**** INPUT DATA ****

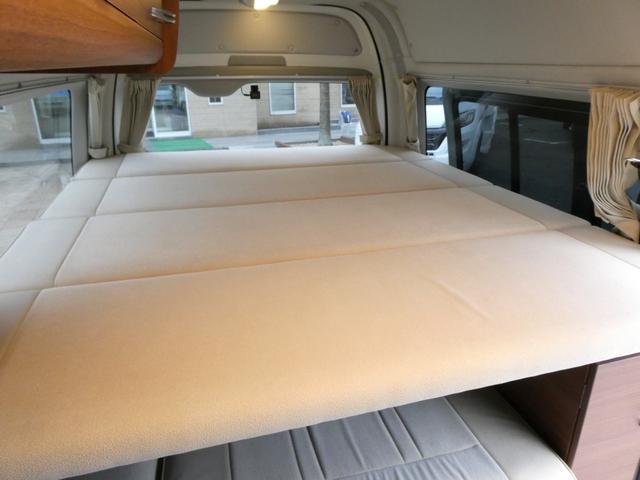 ハイエースバン ＲＶランド　ランドワゴンロゼ　キャンピングカー　８ナンバー　ツインサブバッテリー　１５００Ｗインバーター　走行充電　外部充電　シンク　フリップダウンモニター　リアクーラー　リアヒーター　ＵＩショック・スタビ　８人乗車４人就寝（67枚目）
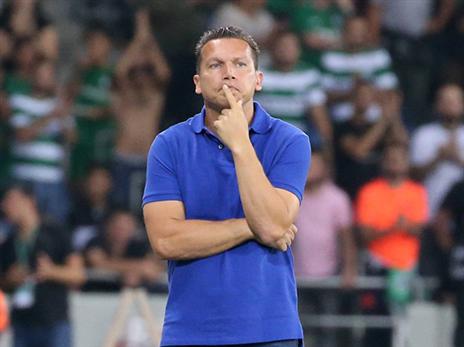 לא מוצא פתרונות. בכר (יוסי שקל)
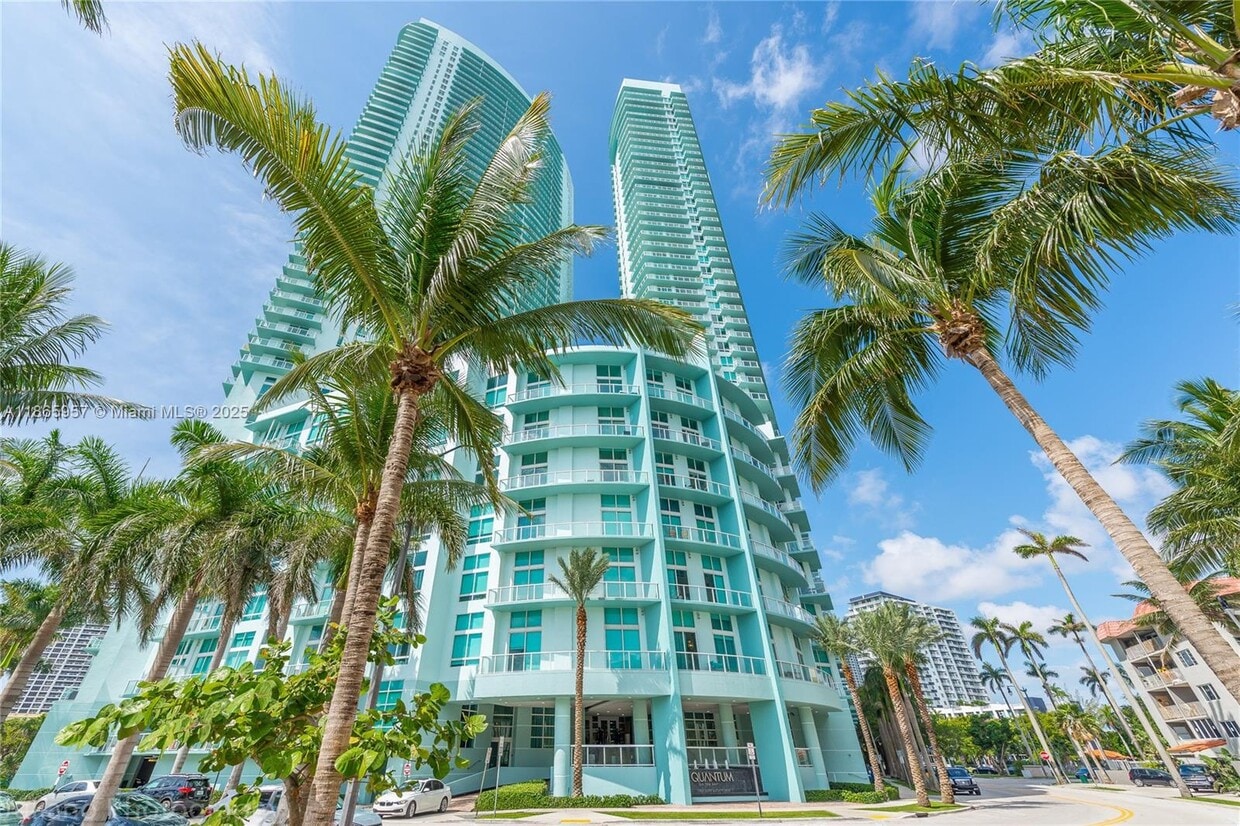 Foto principal - 1900 N Bayshore Dr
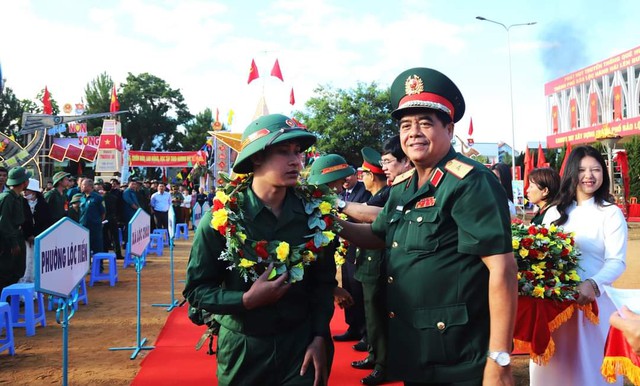 Hơn 1.450 thanh niên ở Lâm Đồng nô nức lên đường nhập ngũ- Ảnh 2.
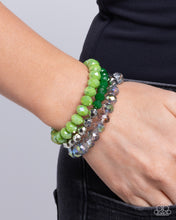Load image into Gallery viewer, Radiantly Rich - Green 2 pc set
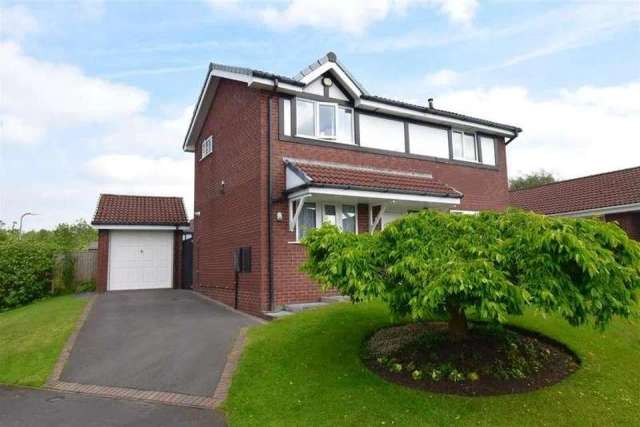 3 bedroom detached house for sale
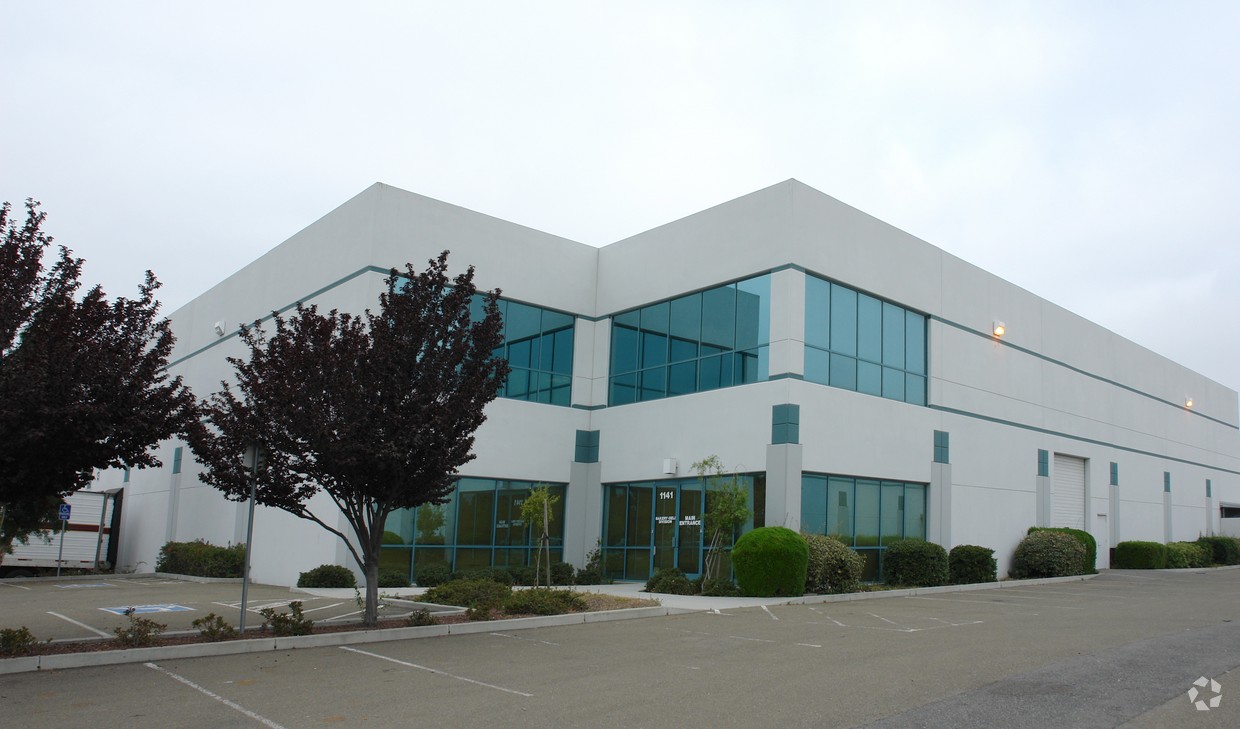 Warehouse for lease in Milpitas  6/12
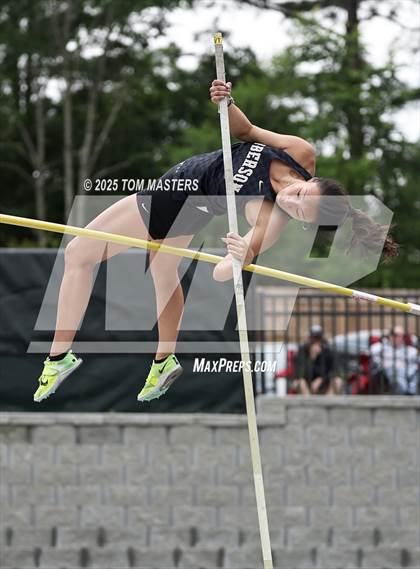 Thumbnail 2 in NCHSAA 4A West Regional (Pole Vault) photogallery.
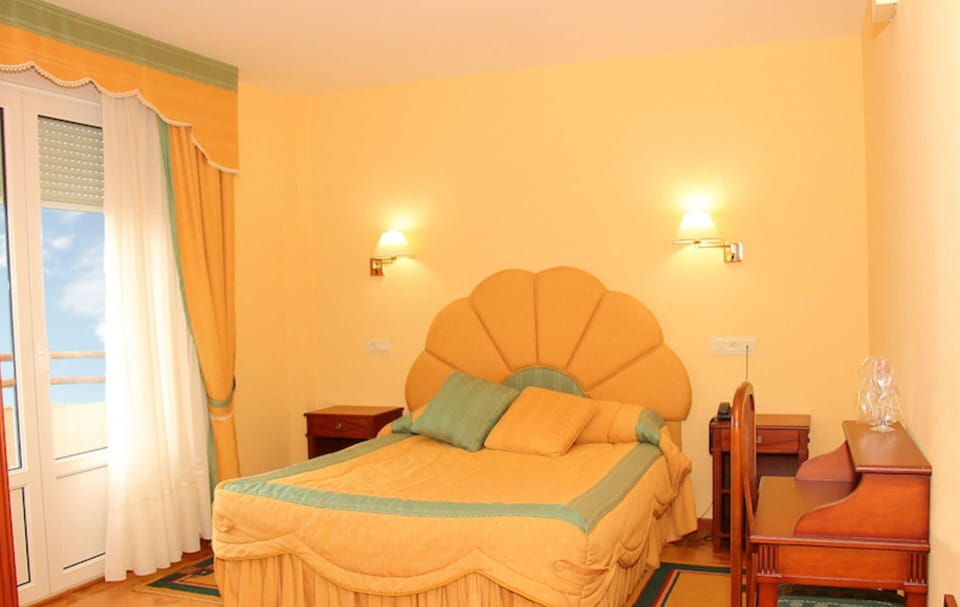 Double Room | Desk, laptop workspace, blackout drapes, free WiFi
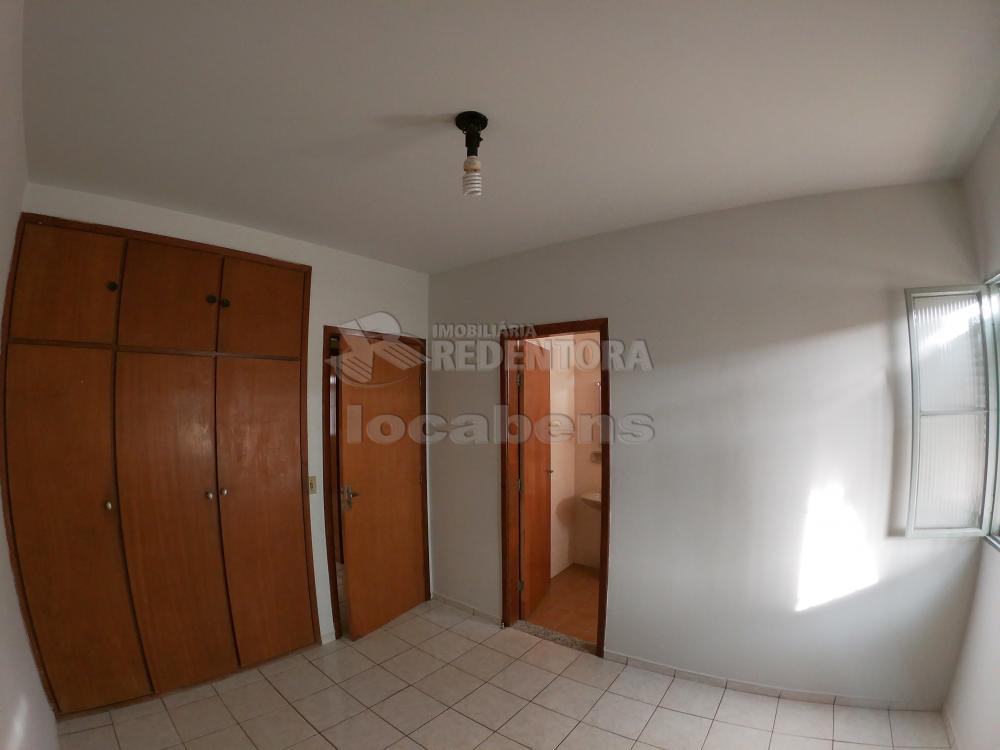 Alugar Apartamento / Padr&atilde;o em S&atilde;o Jos&eacute; do Rio Preto R$ 1.000,00 - Foto 16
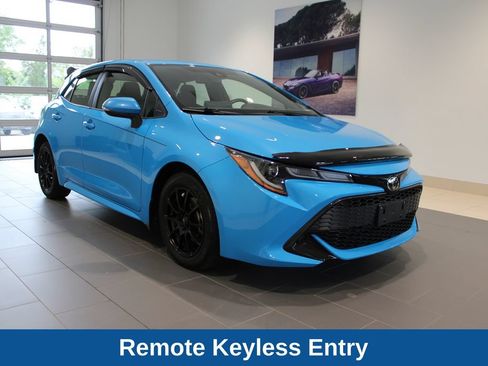 Used 2022 Toyota Corolla SE FWD image 2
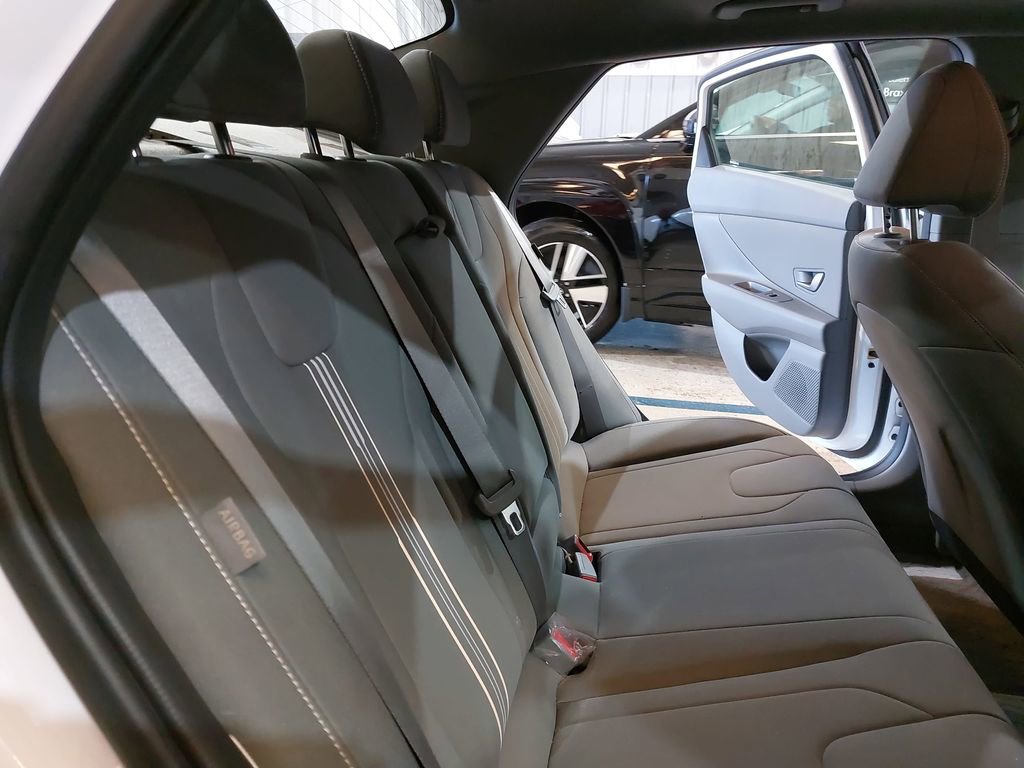 Certified 2025 Hyundai Elantra SEL image 12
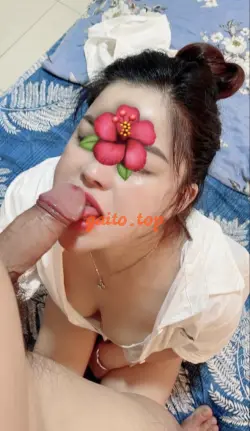MẪN NHI BÍM KHÍT LÀM TÌNH CỰC SƯỚNG PHỤC VỤ CHU ĐÁO ĐẾN TỪNG CỌNG LÔNG TRYM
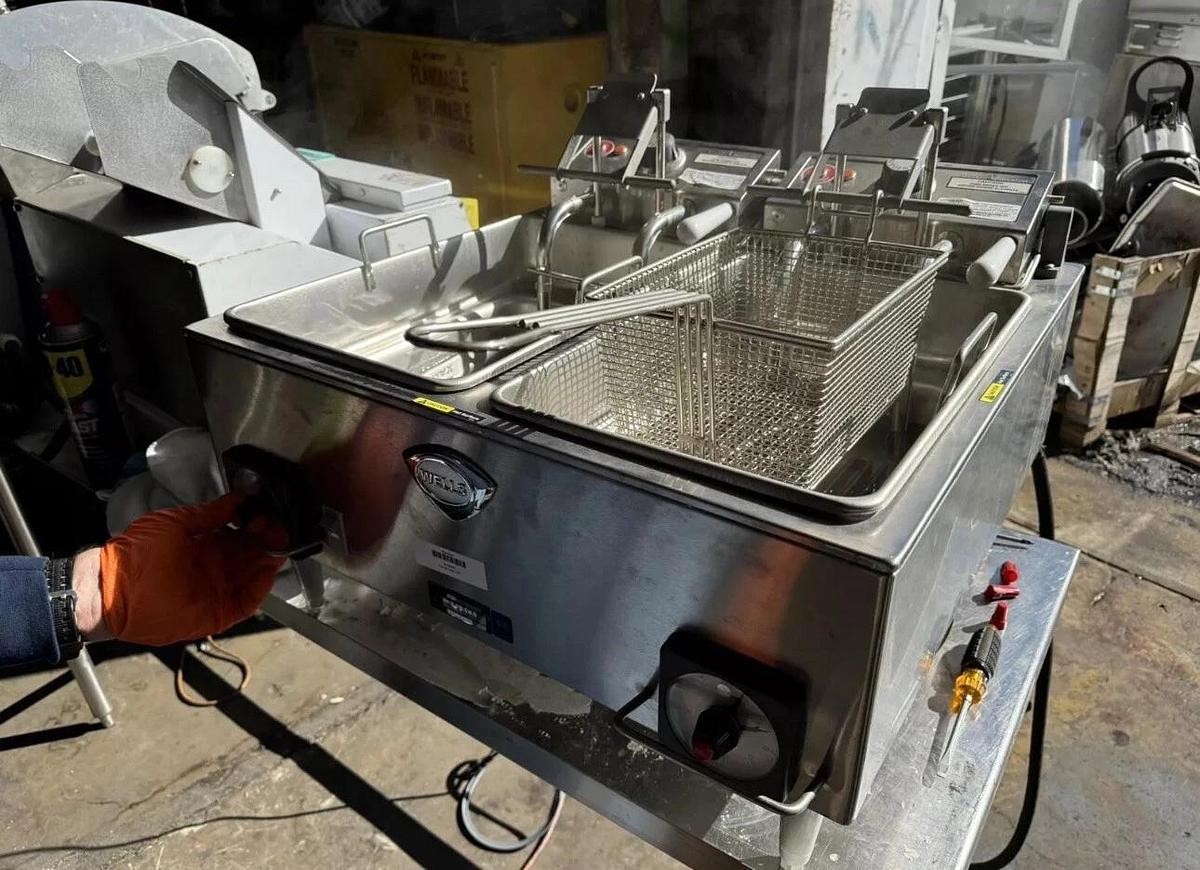 Wells F-88 Countertop High Watt Dual Pot 30lb Electric Fryer 208V 3 Phase NICE!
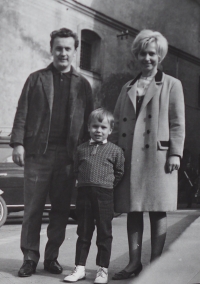 Mrs. and Mr. Řičánek with their son Pavel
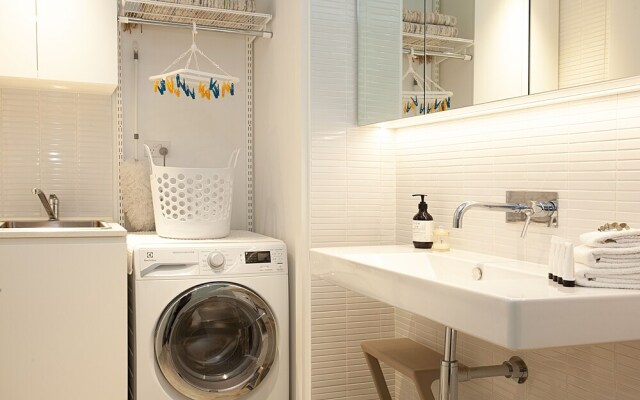 Short Lane Apartments by Urban Rest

****

| YOUR TASK |
The data above must be copied exactly. Leave out the pictures.

| OUTPUT |
 ハイエースバン ＲＶランド　ランドワゴンロゼ　キャンピングカー　８ナンバー　ツインサブバッテリー　１５００Ｗインバーター　走行充電　外部充電　シンク　フリップダウンモニター　リアクーラー　リアヒーター　ＵＩショック・スタビ　８人乗車４人就寝（67枚目）
 לא מוצא פתרונות. בכר (יוסי שקל)
 Foto principal - 1900 N Bayshore Dr
 Hơn 1.450 thanh niên ở Lâm Đồng nô nức lên đường nhập ngũ- Ảnh 2.
Load image into Gallery viewer, Radiantly Rich - Green 2 pc set
 3 bedroom detached house for sale
 Warehouse for lease in Milpitas  6/12
 Thumbnail 2 in NCHSAA 4A West Regional (Pole Vault) photogallery.
 Double Room | Desk, laptop workspace, blackout drapes, free WiFi
 Alugar Apartamento / Padr&atilde;o em S&atilde;o Jos&eacute; do Rio Preto R$ 1.000,00 - Foto 16
 Used 2022 Toyota Corolla SE FWD image 2
 Certified 2025 Hyundai Elantra SEL image 12
MẪN NHI BÍM KHÍT LÀM TÌNH CỰC SƯỚNG PHỤC VỤ CHU ĐÁO ĐẾN TỪNG CỌNG LÔNG TRYM
 Wells F-88 Countertop High Watt Dual Pot 30lb Electric Fryer 208V 3 Phase NICE!
 Mrs. and Mr. Řičánek with their son Pavel
 Short Lane Apartments by Urban Rest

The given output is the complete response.